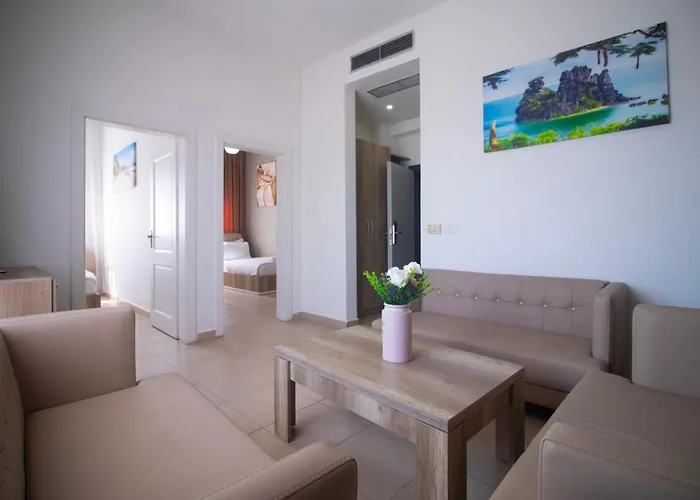 Princ Golem (Tirana)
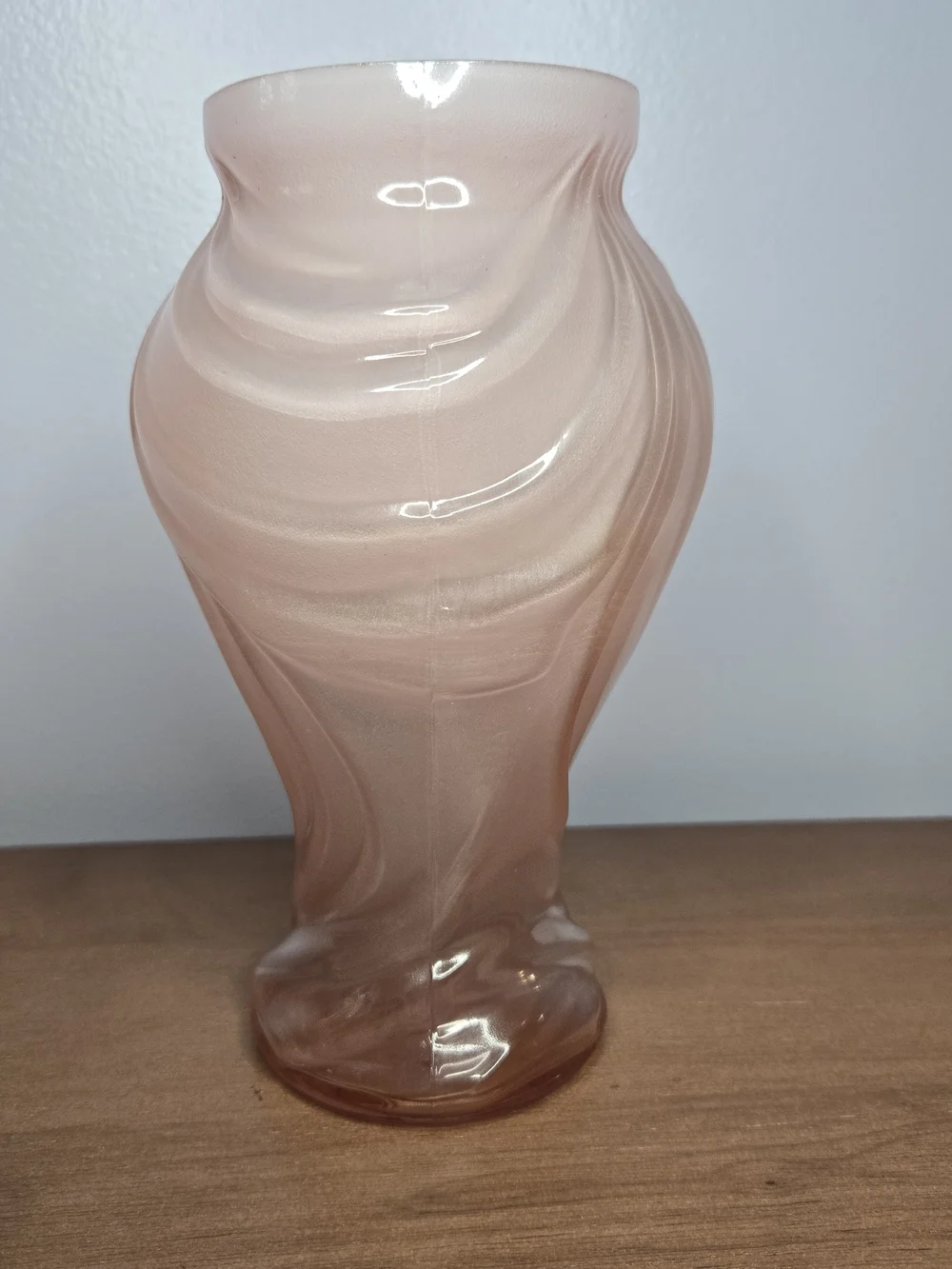 Vintage Teleflora Pink Opaque Draped Glass Flower Vase Swirled 8” Elegant Drape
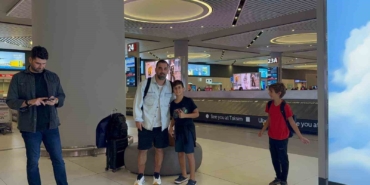 Arda Turan, milli takım arasında Türkiye’ye geldi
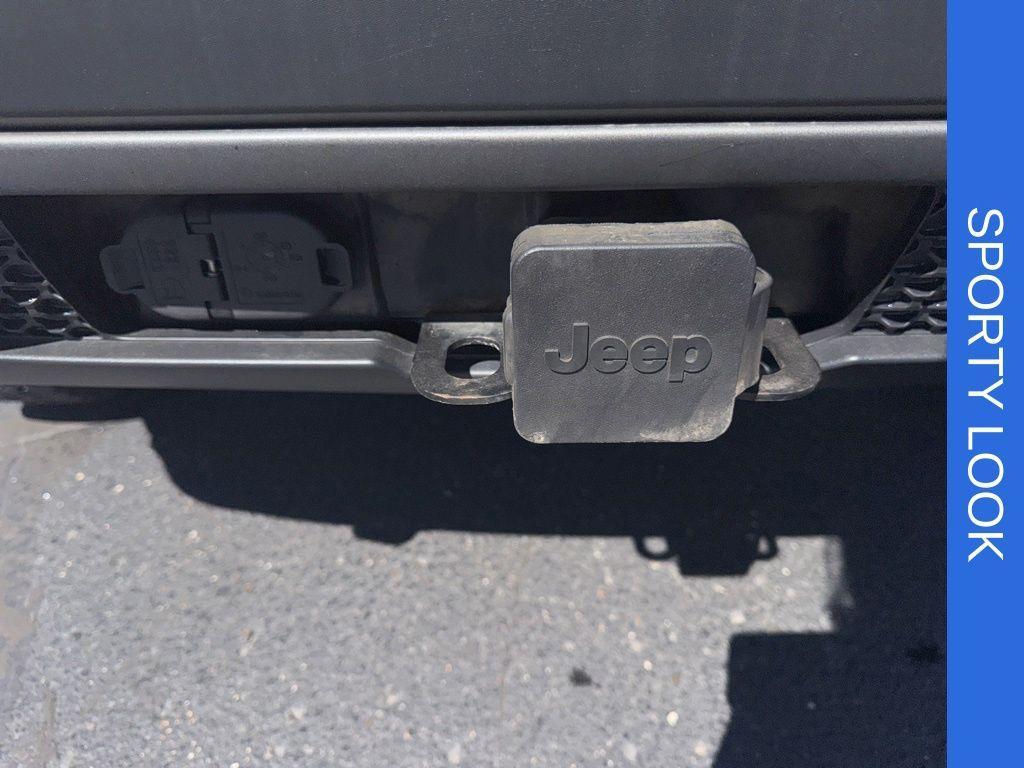 used 2019 Jeep Cherokee car, priced at $21,804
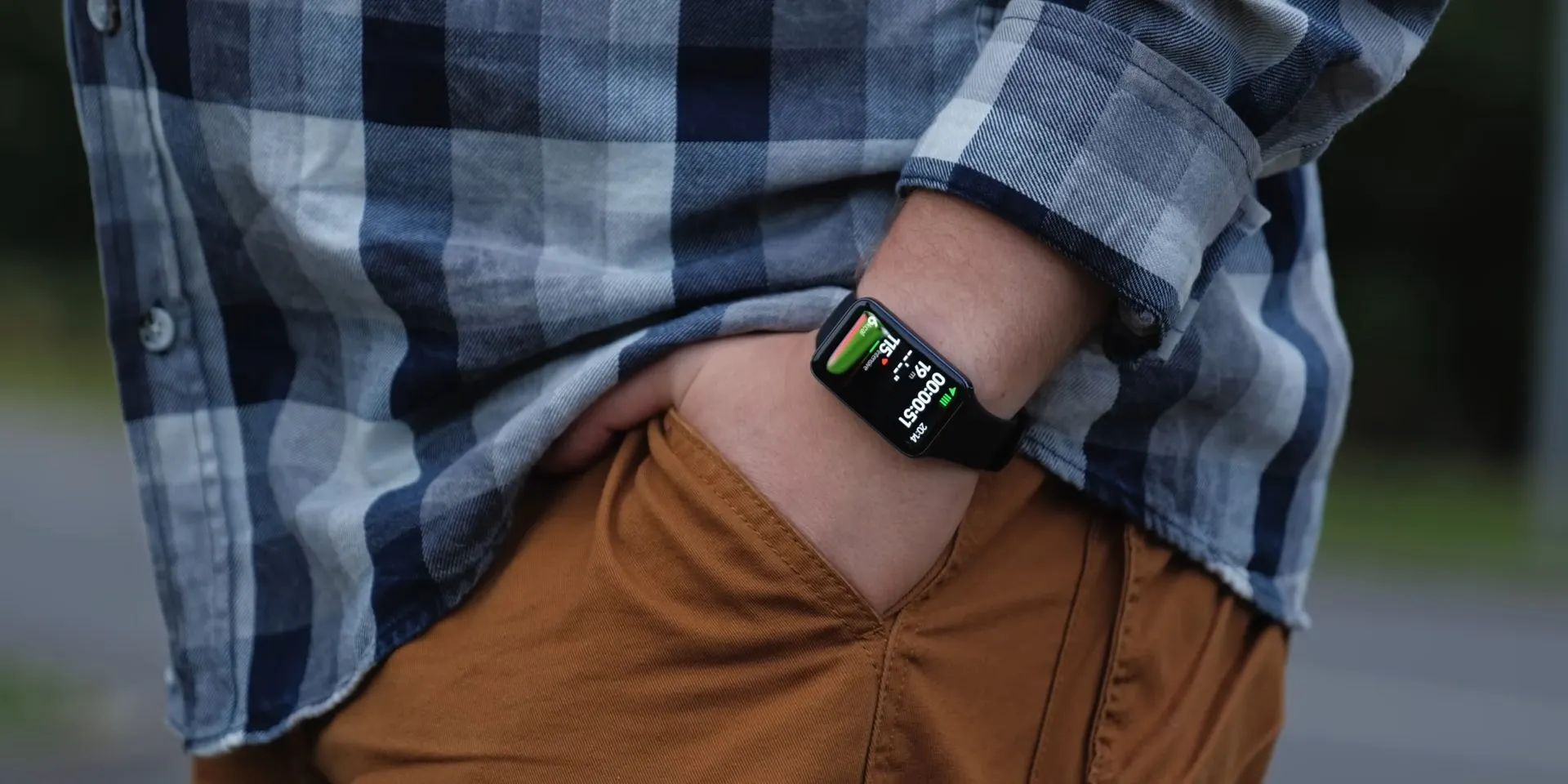 Первые обзоры Xiaomi Mi Band 7 Pro: большой экран, проблемы с GPS и слабая автономность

Problem statement
The entries above are to be retyped exactly, with each picture left out.

Response for this exercise
 Princ Golem (Tirana)
 Vintage Teleflora Pink Opaque Draped Glass Flower Vase Swirled 8” Elegant Drape
 Arda Turan, milli takım arasında Türkiye’ye geldi
 used 2019 Jeep Cherokee car, priced at $21,804
 Первые обзоры Xiaomi Mi Band 7 Pro: большой экран, проблемы с GPS и слабая автономность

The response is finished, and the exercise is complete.